Name: Semion Mogilevich
Wanted for: Various fraud-related crimes; general supervillainy
Added to the FBI Ten Most Wanted Fugitives List: 2009
The circumstances: In 2011 the FBI apprehended fugitive James “Whitey” Bulger, the alleged Boston mob leader who had been on the bureau’s Ten Most Wanted Fugitives List for 12 years. At the time an FBI press release touted the capture of “a man notorious in Boston and around the world for the very serious crimes he is alleged to have committed.” But as Bulger was being removed from the list, another gangster remained, a fellow whose alleged crimes made Whitey Bulger look like Ray Bolger. Meet Semion Mogilevich, an obese Ukrainian known as the “Brainy Don” who has been called “the most powerful mobster in the world.”
At first look, Mogilevich’s alleged crimes seem fairly banal. He is wanted by the FBI on various fraud charges relating to his involvement with a publicly traded industrial magnet manufacturer called YBM Magnex. Though shares in the company sold for up to $20 on the Toronto Stock Exchange, an investigation revealed that YBM did not actually make magnets, and that the company “was created for the sole purpose of committing securities fraud.” It’s a clever scheme, but hardly unprecedented in the Bernie Madoff era.
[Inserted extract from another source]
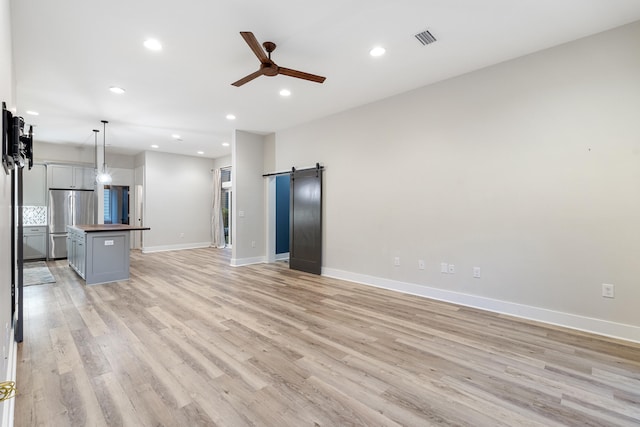 unfurnished living room with a barn door, ceiling fan, and light wood-type flooring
But the magnets are allegedly just the tip of the crime-berg. According to the FBI, when he’s not creating sham companies to bilk Canadian investors out of their savings, Mogilevich dabbles in “weapons trafficking, contract murders, extortion, drug trafficking, and prostitution on an international scale.” A 1998 Village Voice profile reported that Mogilevich “controls everything that goes in and out of Moscow’s Sheremetyevo International Airport.” The FBI claims that “through his extensive international criminal network, Mogilevich controls extensive natural gas pipelines in Eastern Europe, and he uses this wealth and power to not only further his criminal enterprises but to influence governments and their economies.” Oh, yes, he’s also said to deal in nuclear materials.
His likely whereabouts: This isn’t hard: Mogilevich is in Moscow. The United States can’t touch him there, because Russia doesn’t extradite to the U.S. Russia itself doesn’t seem particularly interested in going after the Brainy Don: although Mogilevich was arrested by the Russian government in 2008 on tax evasion charges, he was released soon thereafter. (Russian authorities justified Mogilevich’s release by saying that the charges against him “are not of a particularly grave nature.”) He lives out in the open, more or less, and is said to be “on good terms” with Vladimir Putin.
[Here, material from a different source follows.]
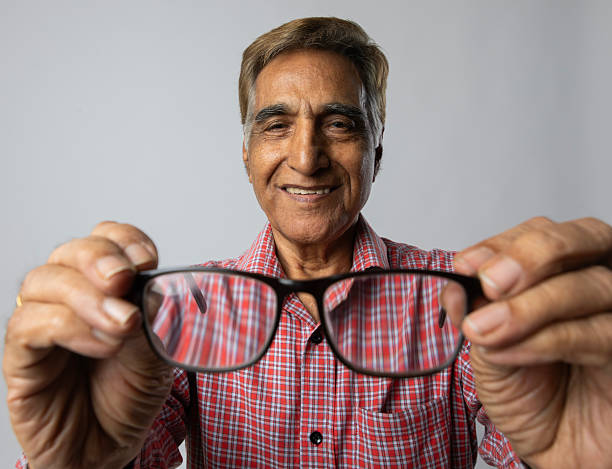istock Old man checking his eyeglasses on white background 2253452042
Prospects of catching him: Very slim. Mogilevich, allegedly, is a real-life Keyser Söze: a ruthless, fabulously wealthy international crime boss who is shielded from arrest by his money and contacts, with an occasional assist from his right-hand man, Pete Postlethwaite. He’ll only ever be caught if he falls out of favor with the Russian government (it could happen), or if he for some reason decides to leave Russia and travel to a country that extradites fugitives to America. “If Mogilevich travels outside of Russia, we’re hoping someone will turn him in,” the FBI said. Don’t bet on it.
Most Wanted Score: The FBI Ten Most Wanted Fugitives List was made for people like Semion Mogilevich. I’m giving him a 9.5 out of 10.